WORK ITEM: For each line below, return an exact copy.

※

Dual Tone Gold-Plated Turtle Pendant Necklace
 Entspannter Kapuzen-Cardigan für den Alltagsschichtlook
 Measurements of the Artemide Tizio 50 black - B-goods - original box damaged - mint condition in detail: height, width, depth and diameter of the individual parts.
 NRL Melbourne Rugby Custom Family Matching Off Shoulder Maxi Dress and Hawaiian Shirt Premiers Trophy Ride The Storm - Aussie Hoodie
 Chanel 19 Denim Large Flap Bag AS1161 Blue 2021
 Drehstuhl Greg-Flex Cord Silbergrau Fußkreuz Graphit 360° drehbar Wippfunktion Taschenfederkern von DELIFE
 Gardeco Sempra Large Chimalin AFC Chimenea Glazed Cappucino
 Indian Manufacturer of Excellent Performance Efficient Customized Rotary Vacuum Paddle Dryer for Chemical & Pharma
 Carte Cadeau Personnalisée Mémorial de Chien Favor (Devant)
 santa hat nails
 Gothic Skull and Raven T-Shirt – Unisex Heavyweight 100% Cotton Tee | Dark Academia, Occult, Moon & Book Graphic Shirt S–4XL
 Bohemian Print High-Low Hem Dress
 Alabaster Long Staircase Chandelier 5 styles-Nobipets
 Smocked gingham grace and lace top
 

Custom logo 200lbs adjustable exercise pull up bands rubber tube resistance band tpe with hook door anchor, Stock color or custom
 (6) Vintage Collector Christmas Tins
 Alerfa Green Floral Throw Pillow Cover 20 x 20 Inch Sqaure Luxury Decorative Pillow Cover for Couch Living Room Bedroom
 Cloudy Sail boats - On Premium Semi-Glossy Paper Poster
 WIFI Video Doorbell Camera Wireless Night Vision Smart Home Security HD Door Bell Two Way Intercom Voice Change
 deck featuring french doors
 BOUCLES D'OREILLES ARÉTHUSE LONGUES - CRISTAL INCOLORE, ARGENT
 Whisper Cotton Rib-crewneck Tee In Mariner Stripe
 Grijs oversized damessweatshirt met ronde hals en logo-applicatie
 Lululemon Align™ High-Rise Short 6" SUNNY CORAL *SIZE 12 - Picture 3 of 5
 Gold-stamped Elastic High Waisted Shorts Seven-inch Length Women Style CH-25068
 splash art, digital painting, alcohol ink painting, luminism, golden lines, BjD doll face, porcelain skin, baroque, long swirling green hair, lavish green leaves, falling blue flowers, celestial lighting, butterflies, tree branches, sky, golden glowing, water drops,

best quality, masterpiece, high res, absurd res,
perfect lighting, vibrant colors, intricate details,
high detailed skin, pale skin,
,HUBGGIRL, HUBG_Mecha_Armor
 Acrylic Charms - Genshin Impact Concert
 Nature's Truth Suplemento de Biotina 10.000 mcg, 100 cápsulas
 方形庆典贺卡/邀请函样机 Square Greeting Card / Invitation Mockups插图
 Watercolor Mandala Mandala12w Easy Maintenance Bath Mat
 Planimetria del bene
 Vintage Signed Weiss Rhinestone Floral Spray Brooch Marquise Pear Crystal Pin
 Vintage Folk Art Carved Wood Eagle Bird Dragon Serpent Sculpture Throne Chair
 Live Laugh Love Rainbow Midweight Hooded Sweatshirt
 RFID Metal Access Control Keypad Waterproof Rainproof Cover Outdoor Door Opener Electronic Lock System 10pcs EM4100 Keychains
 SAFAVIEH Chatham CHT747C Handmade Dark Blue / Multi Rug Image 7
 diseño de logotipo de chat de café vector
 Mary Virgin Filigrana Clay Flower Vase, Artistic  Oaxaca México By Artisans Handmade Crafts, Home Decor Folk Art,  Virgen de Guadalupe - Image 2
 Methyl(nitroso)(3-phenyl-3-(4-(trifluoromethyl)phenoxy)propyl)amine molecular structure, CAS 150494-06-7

※

SOLUTION TO THE EXERCISE:
Dual Tone Gold-Plated Turtle Pendant Necklace
 Entspannter Kapuzen-Cardigan für den Alltagsschichtlook
 Measurements of the Artemide Tizio 50 black - B-goods - original box damaged - mint condition in detail: height, width, depth and diameter of the individual parts.
 NRL Melbourne Rugby Custom Family Matching Off Shoulder Maxi Dress and Hawaiian Shirt Premiers Trophy Ride The Storm - Aussie Hoodie
 Chanel 19 Denim Large Flap Bag AS1161 Blue 2021
 Drehstuhl Greg-Flex Cord Silbergrau Fußkreuz Graphit 360° drehbar Wippfunktion Taschenfederkern von DELIFE
 Gardeco Sempra Large Chimalin AFC Chimenea Glazed Cappucino
 Indian Manufacturer of Excellent Performance Efficient Customized Rotary Vacuum Paddle Dryer for Chemical & Pharma
 Carte Cadeau Personnalisée Mémorial de Chien Favor (Devant)
 santa hat nails
 Gothic Skull and Raven T-Shirt – Unisex Heavyweight 100% Cotton Tee | Dark Academia, Occult, Moon & Book Graphic Shirt S–4XL
 Bohemian Print High-Low Hem Dress
 Alabaster Long Staircase Chandelier 5 styles-Nobipets
 Smocked gingham grace and lace top
 

Custom logo 200lbs adjustable exercise pull up bands rubber tube resistance band tpe with hook door anchor, Stock color or custom
 (6) Vintage Collector Christmas Tins
 Alerfa Green Floral Throw Pillow Cover 20 x 20 Inch Sqaure Luxury Decorative Pillow Cover for Couch Living Room Bedroom
 Cloudy Sail boats - On Premium Semi-Glossy Paper Poster
 WIFI Video Doorbell Camera Wireless Night Vision Smart Home Security HD Door Bell Two Way Intercom Voice Change
 deck featuring french doors
 BOUCLES D'OREILLES ARÉTHUSE LONGUES - CRISTAL INCOLORE, ARGENT
 Whisper Cotton Rib-crewneck Tee In Mariner Stripe
 Grijs oversized damessweatshirt met ronde hals en logo-applicatie
 Lululemon Align™ High-Rise Short 6" SUNNY CORAL *SIZE 12 - Picture 3 of 5
 Gold-stamped Elastic High Waisted Shorts Seven-inch Length Women Style CH-25068
 splash art, digital painting, alcohol ink painting, luminism, golden lines, BjD doll face, porcelain skin, baroque, long swirling green hair, lavish green leaves, falling blue flowers, celestial lighting, butterflies, tree branches, sky, golden glowing, water drops,

best quality, masterpiece, high res, absurd res,
perfect lighting, vibrant colors, intricate details,
high detailed skin, pale skin,
,HUBGGIRL, HUBG_Mecha_Armor
 Acrylic Charms - Genshin Impact Concert
 Nature's Truth Suplemento de Biotina 10.000 mcg, 100 cápsulas
 方形庆典贺卡/邀请函样机 Square Greeting Card / Invitation Mockups插图
 Watercolor Mandala Mandala12w Easy Maintenance Bath Mat
 Planimetria del bene
 Vintage Signed Weiss Rhinestone Floral Spray Brooch Marquise Pear Crystal Pin
 Vintage Folk Art Carved Wood Eagle Bird Dragon Serpent Sculpture Throne Chair
 Live Laugh Love Rainbow Midweight Hooded Sweatshirt
 RFID Metal Access Control Keypad Waterproof Rainproof Cover Outdoor Door Opener Electronic Lock System 10pcs EM4100 Keychains
 SAFAVIEH Chatham CHT747C Handmade Dark Blue / Multi Rug Image 7
 diseño de logotipo de chat de café vector
 Mary Virgin Filigrana Clay Flower Vase, Artistic  Oaxaca México By Artisans Handmade Crafts, Home Decor Folk Art,  Virgen de Guadalupe - Image 2
 Methyl(nitroso)(3-phenyl-3-(4-(trifluoromethyl)phenoxy)propyl)amine molecular structure, CAS 150494-06-7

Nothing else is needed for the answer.